Incorporating alternative investments into your portfolio means adding additional ways of catering to evolving needs. At Hardson Becker Global, we believe broad spectrum asset diversification is the surest way to help our clients achieve their long-term financial goals, while still balancing risk against return.

For those who seek the added financial benefits of using alternative investments as a complementary element in an overall portfolio strategy, we offer diversification through several investment methods.

Alternative investments are not suitable for all investors, and careful consideration is needed before moving ahead.
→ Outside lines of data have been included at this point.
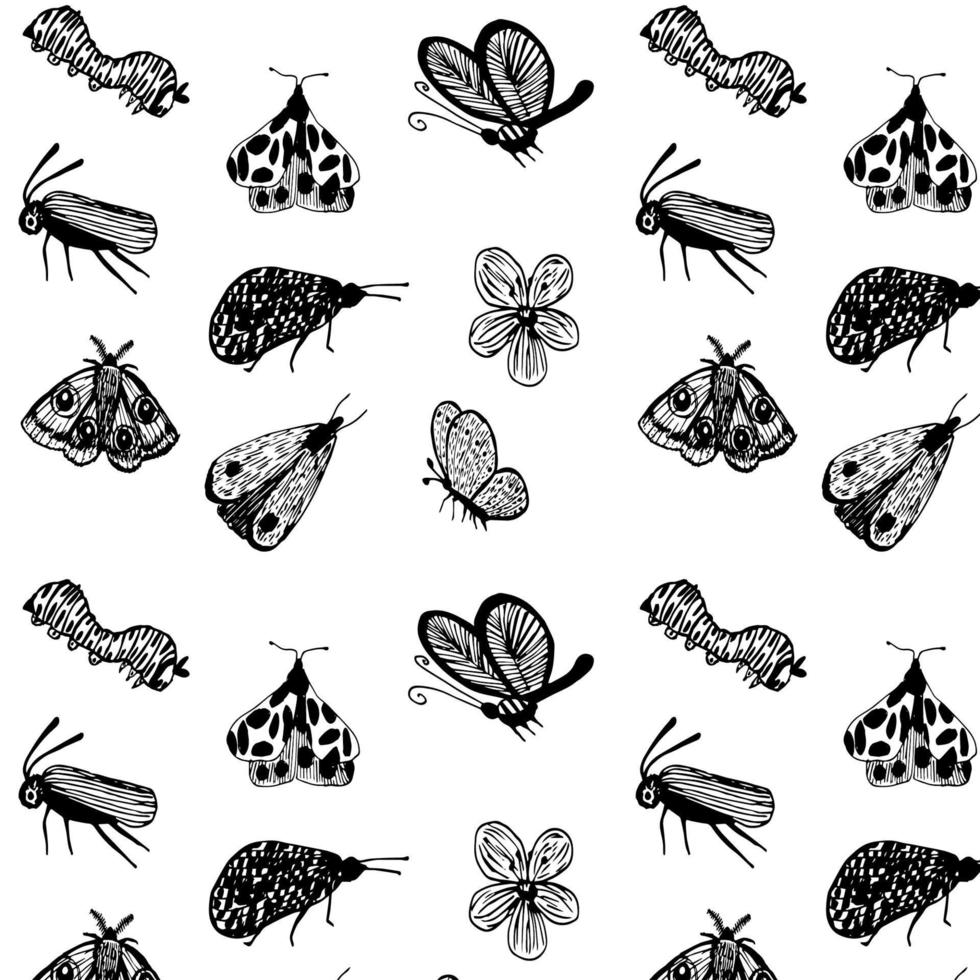 patrón garabato mariposa vector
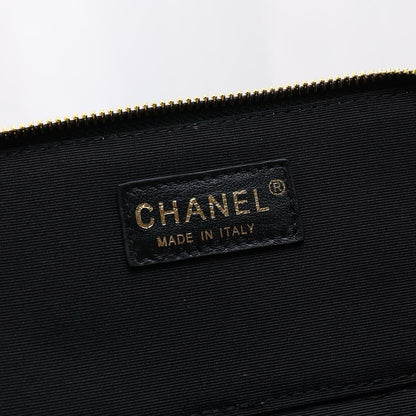 Chanel Lambskin Quilted Small Top Handle Vanity Case With Chain Black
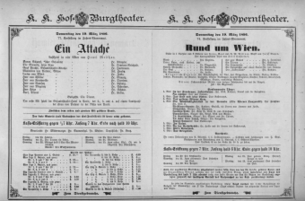 Theaterzettel (Oper und Burgtheater in Wien) 18960319 Seite: 1
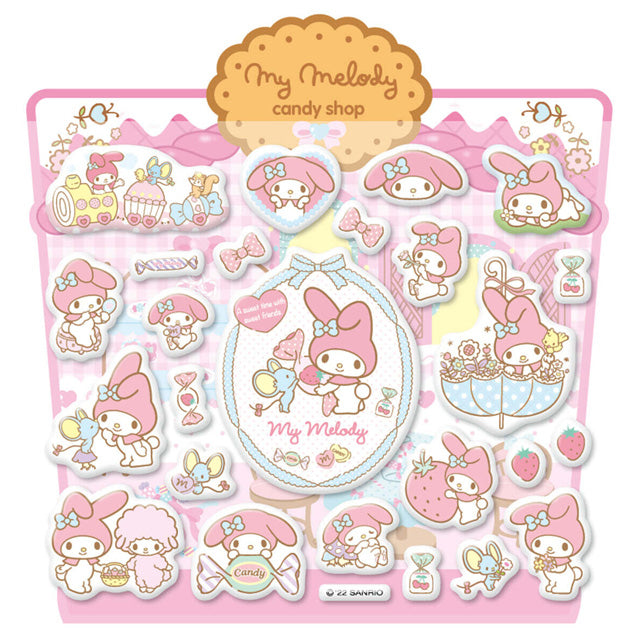3D puffy sticker set with My Melody characters and candy-themed shapes on sheet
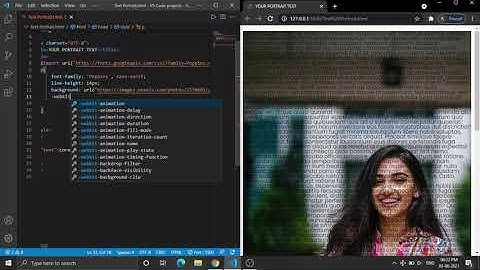 Create Portrait Photo With Text Using html css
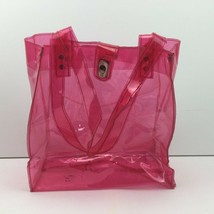 Childs Sassy Pink Clear Vinyl Small Tote Bag Purse Beach Park School Lunch - £23.94 GBP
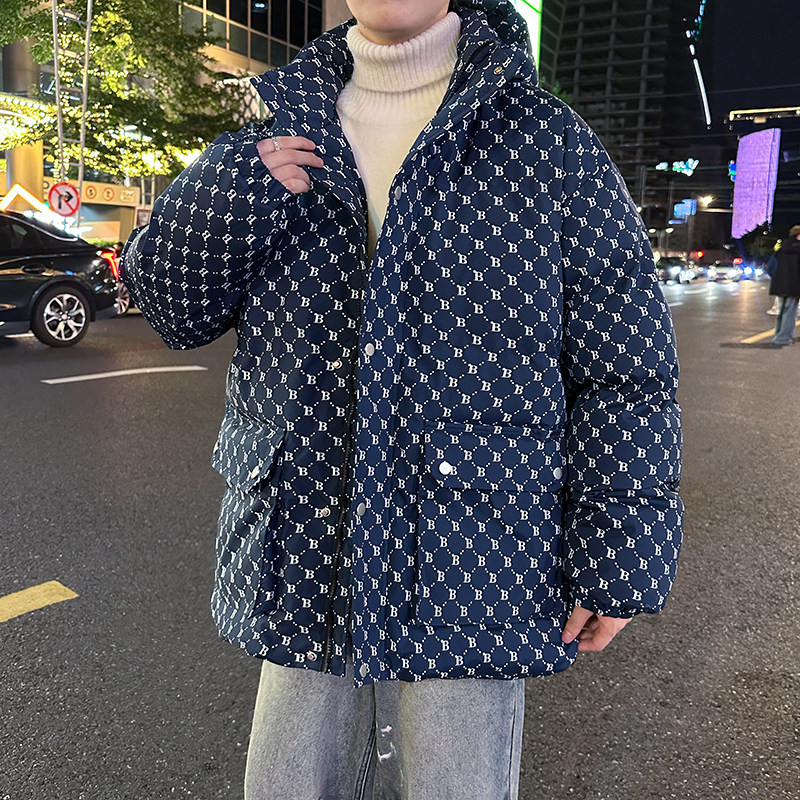 2025冬装新款情侣棉衣男女短款加厚满印港风连帽外套MY8809-P68,男装棉衣,星座1816-1（原1210-1）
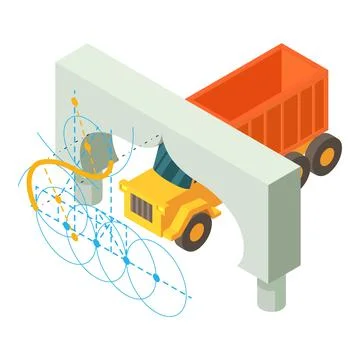 Building work icon isometric vector. Arch project and yellow dump truck icon 스톡 일러스트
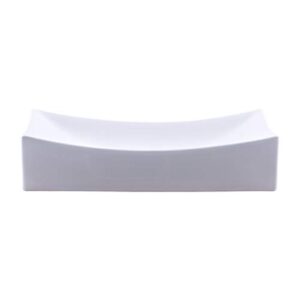 Novatto NP-01141 Ceramic Above Counter Rectangular Bathroom Sink, 21.75'' L x 13.75'' W x 3.5'' H, Glossy White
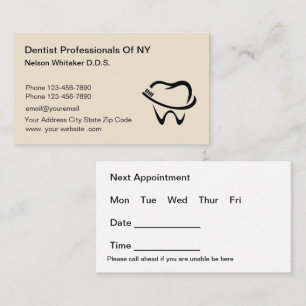 Cartões de visitas Simples de Nomeação de Dentista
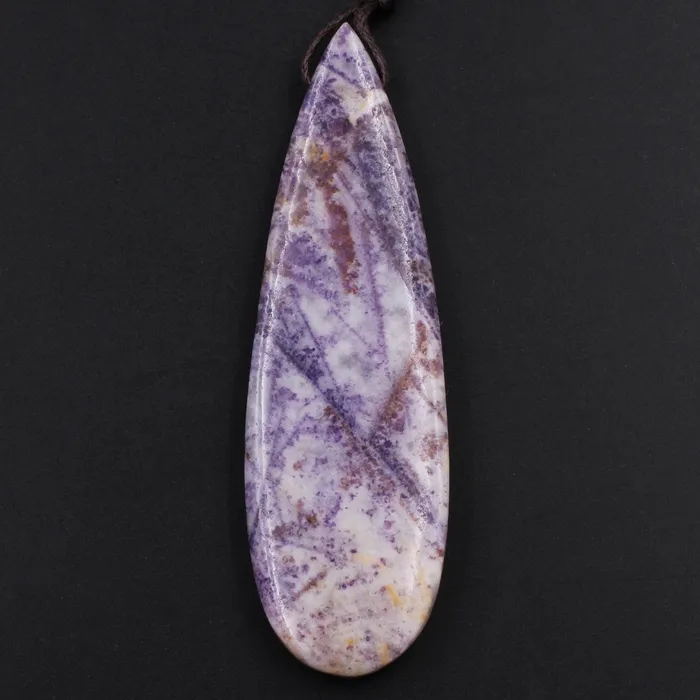 Necklaces Intrinsic Trading Natural Petrified Purple Fluorite Pendant Drilled Teardrop Natural Stone Pendant Side Drilled Long Multi Color Purple White Stone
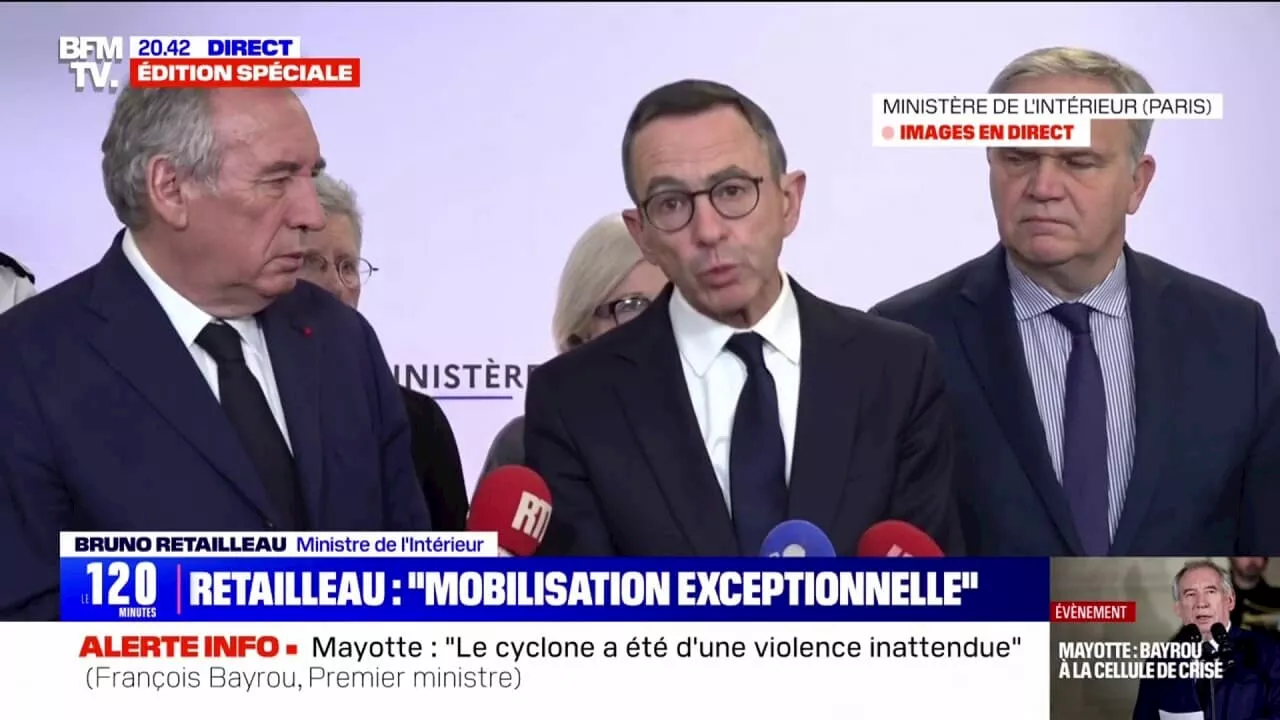 Cyclone à Mayotte: 'L'hôpital a été endommagé (...) mais l'électricité est revenue', affirme Bruno Retailleau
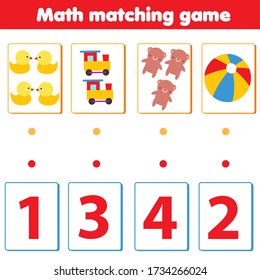 Mathematics educational game. Match objects with numbers for children. Count toys for pre school kids and toddlers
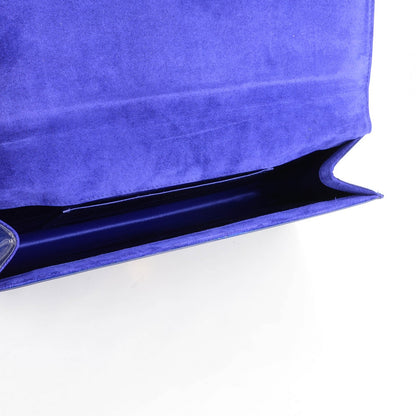Saint Laurent Patent Calfskin Monogram Large Belle De Jour Clutch Royal Blue 5 of 7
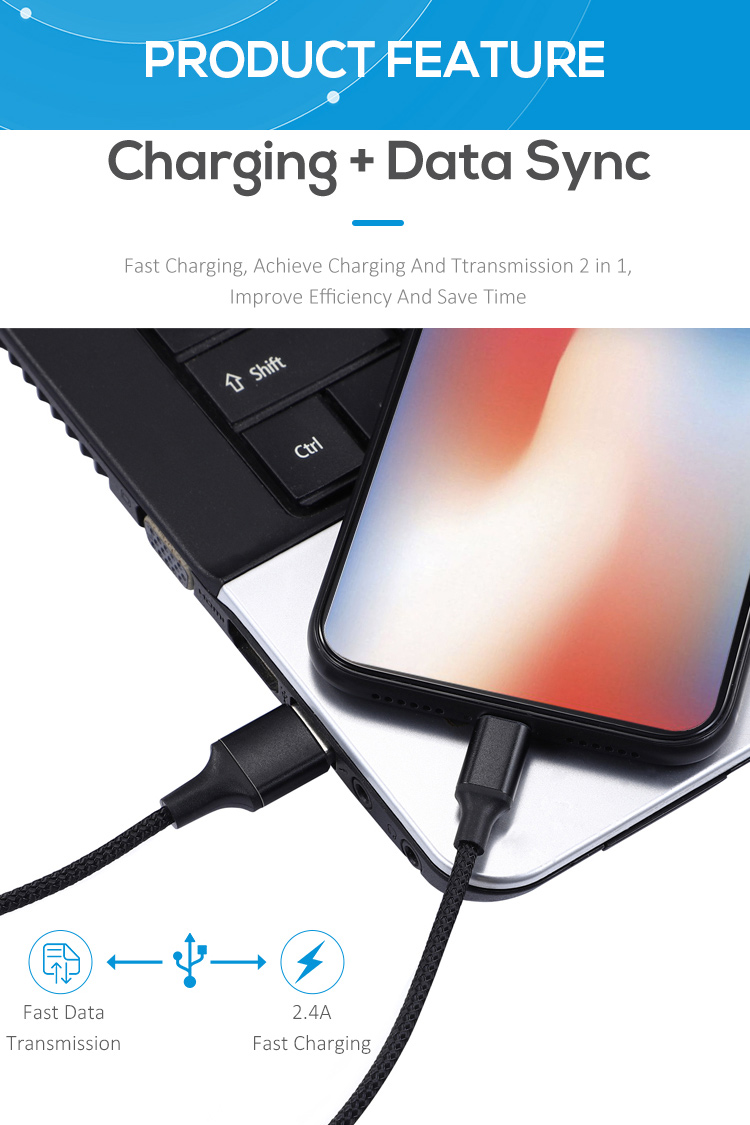 Nylon Braided 1.5M Cable Magnetic 3 In 1 Charging Cable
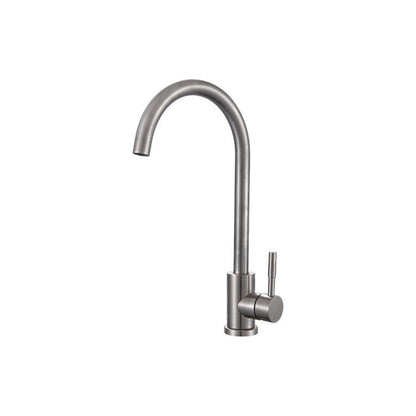 Prima Soho Single Lever Swan Neck Mixer Tap - Brushed Steel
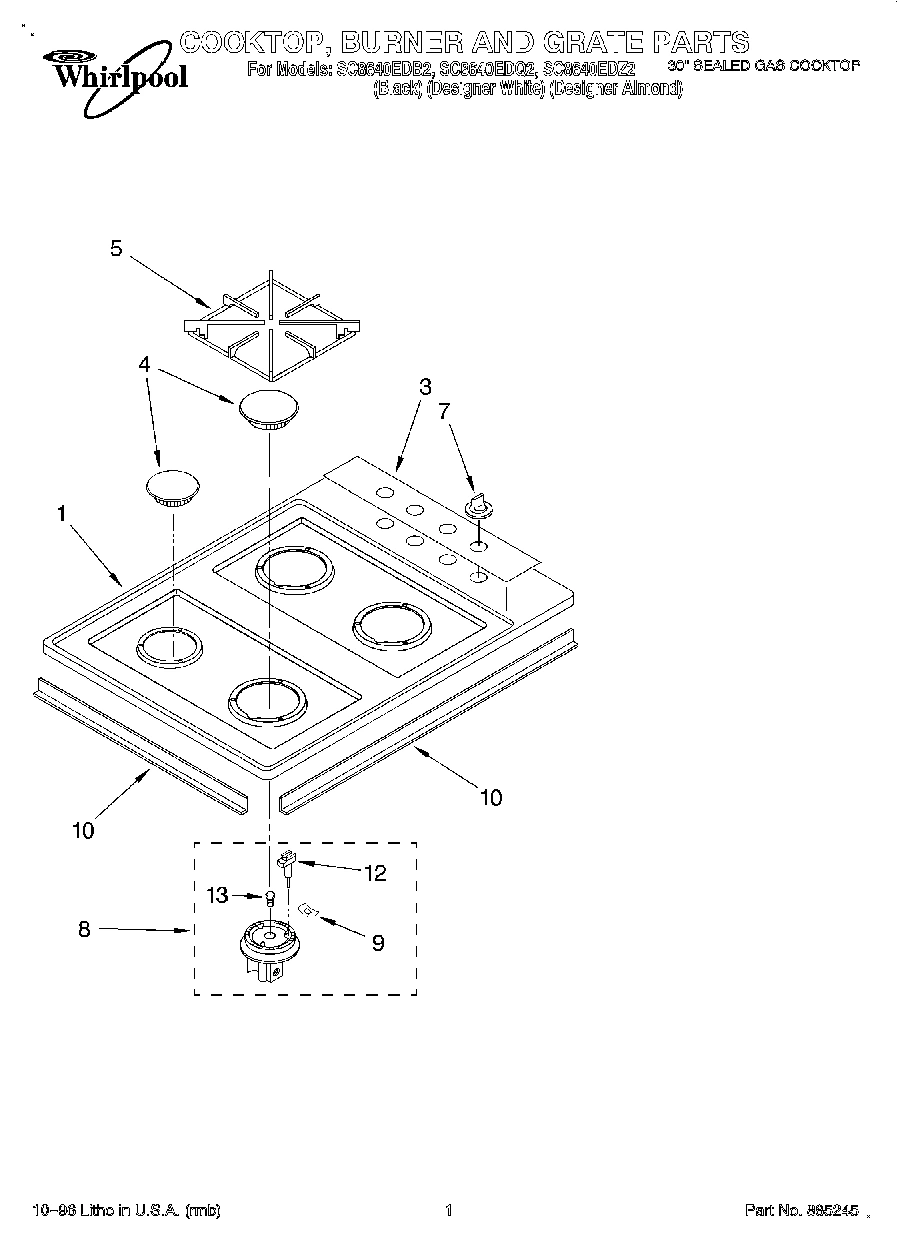 01 - COOKTOP, BURNER AND GRATE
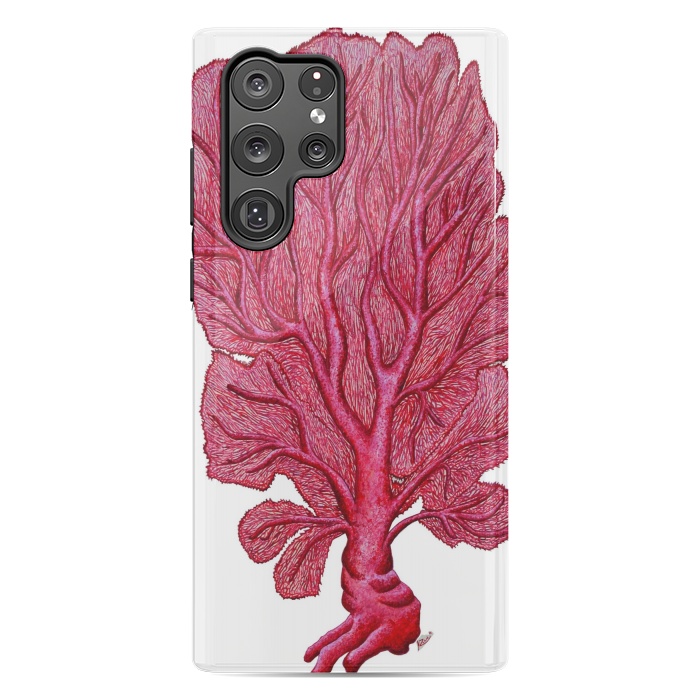 Galaxy S22 Ultra StrongFit Pink Red Coral Gorgona by Chloe Yzoard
Some of the alternative investment vehicles we offer are:

Futures and Options

Futures and options trade in a range of markets around the world and aim to identify and profit from rising or falling trends. Such contracts try to hedge market risks involved by locking in the price beforehand. Markets that are commonly traded include financials and commodities. Using a thorough selection process, we help you identify futures and options that best suit your needs.

Private equity

Private equity consists of capital that is not listed on a public exchange. Private equity is composed of funds and investors that directly invest in private companies, or that engage in buyouts of public companies, resulting in the delisting of public equity. Hardson Becker Global will assist you in the selection of private equity investments that will best complement your portfolio.

Hedge funds

A hedge fund is an alternative investment that aims to protect investment portfolios from market uncertainty while generating returns in both rising and falling markets. These are limited partnerships of investors that utilize higher-risk methods, such as borrowing money to invest, in return for the chance to make significant capital gains. They use a wide variety of strategies and can invest in a number of global financial instruments. Hardson Becker Global will assist you in the selection of hedge fund investments that will best complement your portfolio.

You should only invest in hedge funds if you do not need a liquid investment and can accept the potential risk of incurring significant losses.

Commodities

Trading in commodities involves taking an informed view as to whether the price of a specific commodity will rise or fall and placing a bet accordingly on this projected outcome. Commodities trading is for experienced investors as volatile price movements can quickly turn against you as well as move in your favor. This means that there are massive profits to be made as well as huge potential losses.

Commodity trading takes place in four primary categories, Energy, Metals, Livestock and Meat, and Agricultural, with submarkets within those categories.